Generation Z’s commitment to environmental causes and championing of best sustainable practice is widely reported. Their behavior is provoked by bearing witness to more of the devastating long-term effects of climate change, such as rising sea levels and extreme weather events and awareness of what this means for the future, Generation Z has genuinely powerful motivators for taking action and advocating for sustainable responsibility to be high on government and business agendas around the world.
Despite this enthusiastic environmental consciousness, Gen Z is not necessarily completely joined up in their approach and for example, finds themselves at the forefront of an unsustainable habit: online account hoarding. According to a recent survey conducted by Veritas Technologies, almost two thirds of Gen Z consumers acknowledge owning multiple dormant online accounts that they no longer use. This spiraling data hoarding habit is resulting in unnecessary data storage in polluting data canters that run on fossil-fuels 24/7. Data canters are responsible for emitting approximately 2% of the world's total carbon emissions, the same level of emissions from the airline industry which has come under great scrutiny from environmental activists.
These dormant online accounts encompass various services we use to run our daily lives, including banking, shopping, entertainment, insurance, phones, broadband, and utilities. This alarming hoarding habit revelation highlights the contrasting behavior exhibited by Gen Z, as their dedication to environmental causes and ‘eco-anxiety’ seemingly clashes with their own account hoarding practices, posing a challenge to align their personal habits with their environmental values.
Ian Wood is the Senior Director and Head of Technology at Veritas.
The consequences of data hoarding
As data demands continue to soar, so does the energy consumption of data canters, intensifying their carbon footprint. The issue is so critical that tech giant Google has recently sought to address the issue of dormant online accounts. Recognizing the environmental impact of inactive accounts, Google announced its initiative to automatically delete inactive accounts after a specified period. This move by one of the industry leaders underscores the growing concern over the environmental consequences of data hoarding and the need for proactive measures to reduce unnecessary data storage. By taking steps to address the issue at a systemic level, Google sets an example for other companies and reinforces the importance of responsible data management for both the planet and cybersecurity reasons.
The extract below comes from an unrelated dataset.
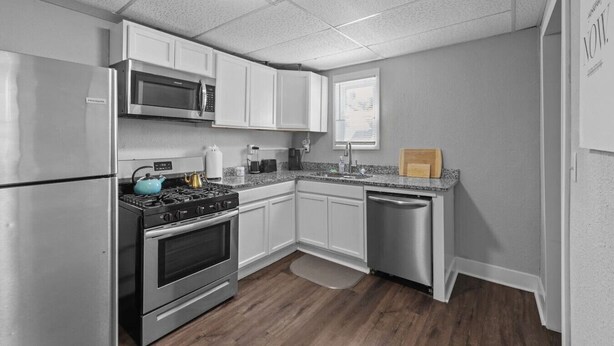 A compact kitchen with a refrigerator, microwave, stove, oven, and dishwasher.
Hoarding data and maintaining dormant online accounts can pose significant security risks that cannot be ignored. Storing excessive amounts of data increases the potential attack surface for cybercriminals, making it easier for them to exploit vulnerabilities and gain unauthorized access to sensitive information. Dormant online accounts, especially those associated with financial or personal data, can become attractive targets for identity theft and fraud. These accounts may contain forgotten or weak passwords, outdated security measures, or outdated software, making them more susceptible to hacking attempts.
Maintaining dormant accounts without regular monitoring leaves them vulnerable to unauthorized access, as individuals may not notice suspicious activities or changes in their account status. Overall, hoarding data and neglecting to deactivate or secure dormant online accounts significantly heighten the risk of privacy breaches, data leaks, and financial losses. It is crucial for both individuals and organizations to practice responsible data management, including deleting unnecessary accounts and regularly reviewing security measures to protect personal information from potential threats.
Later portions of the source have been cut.